Records for the task Start Marker

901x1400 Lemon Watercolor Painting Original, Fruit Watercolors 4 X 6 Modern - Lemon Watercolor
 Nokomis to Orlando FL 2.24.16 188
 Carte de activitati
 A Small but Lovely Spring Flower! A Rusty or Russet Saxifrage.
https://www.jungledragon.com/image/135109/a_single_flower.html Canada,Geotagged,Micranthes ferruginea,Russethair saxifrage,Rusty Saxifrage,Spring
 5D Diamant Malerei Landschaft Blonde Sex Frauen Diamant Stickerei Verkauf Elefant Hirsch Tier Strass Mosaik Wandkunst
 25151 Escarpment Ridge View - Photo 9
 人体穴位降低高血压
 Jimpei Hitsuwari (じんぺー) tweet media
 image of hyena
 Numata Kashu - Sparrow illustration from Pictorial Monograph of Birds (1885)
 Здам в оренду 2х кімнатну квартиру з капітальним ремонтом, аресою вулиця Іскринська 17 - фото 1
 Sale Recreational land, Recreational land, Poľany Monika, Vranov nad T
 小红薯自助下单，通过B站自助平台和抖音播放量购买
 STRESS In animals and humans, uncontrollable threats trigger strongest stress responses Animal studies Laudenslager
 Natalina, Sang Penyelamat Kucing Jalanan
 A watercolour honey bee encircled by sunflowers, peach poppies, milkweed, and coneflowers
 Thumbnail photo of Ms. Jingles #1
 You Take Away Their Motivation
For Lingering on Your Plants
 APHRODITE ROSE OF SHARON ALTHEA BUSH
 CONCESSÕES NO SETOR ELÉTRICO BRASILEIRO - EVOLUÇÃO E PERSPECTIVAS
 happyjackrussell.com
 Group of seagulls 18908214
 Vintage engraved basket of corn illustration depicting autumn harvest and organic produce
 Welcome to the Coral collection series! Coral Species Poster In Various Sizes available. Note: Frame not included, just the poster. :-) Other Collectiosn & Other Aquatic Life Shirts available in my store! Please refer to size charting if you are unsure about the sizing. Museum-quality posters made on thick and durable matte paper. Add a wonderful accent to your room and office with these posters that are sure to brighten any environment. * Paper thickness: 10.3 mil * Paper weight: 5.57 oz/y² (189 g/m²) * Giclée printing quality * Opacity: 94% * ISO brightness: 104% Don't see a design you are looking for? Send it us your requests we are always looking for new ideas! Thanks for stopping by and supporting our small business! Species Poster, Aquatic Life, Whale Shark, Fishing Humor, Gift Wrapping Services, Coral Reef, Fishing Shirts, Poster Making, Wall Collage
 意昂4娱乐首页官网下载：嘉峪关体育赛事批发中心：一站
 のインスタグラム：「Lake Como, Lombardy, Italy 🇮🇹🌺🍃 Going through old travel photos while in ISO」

Records for the task End Marker

§ Task details: Please repeat word for word the lines above that run from the beginning through the line containing "image of hyena", keeping both the first and that last line.

§ Task response:
901x1400 Lemon Watercolor Painting Original, Fruit Watercolors 4 X 6 Modern - Lemon Watercolor
 Nokomis to Orlando FL 2.24.16 188
 Carte de activitati
 A Small but Lovely Spring Flower! A Rusty or Russet Saxifrage.
https://www.jungledragon.com/image/135109/a_single_flower.html Canada,Geotagged,Micranthes ferruginea,Russethair saxifrage,Rusty Saxifrage,Spring
 5D Diamant Malerei Landschaft Blonde Sex Frauen Diamant Stickerei Verkauf Elefant Hirsch Tier Strass Mosaik Wandkunst
 25151 Escarpment Ridge View - Photo 9
 人体穴位降低高血压
 Jimpei Hitsuwari (じんぺー) tweet media
 image of hyena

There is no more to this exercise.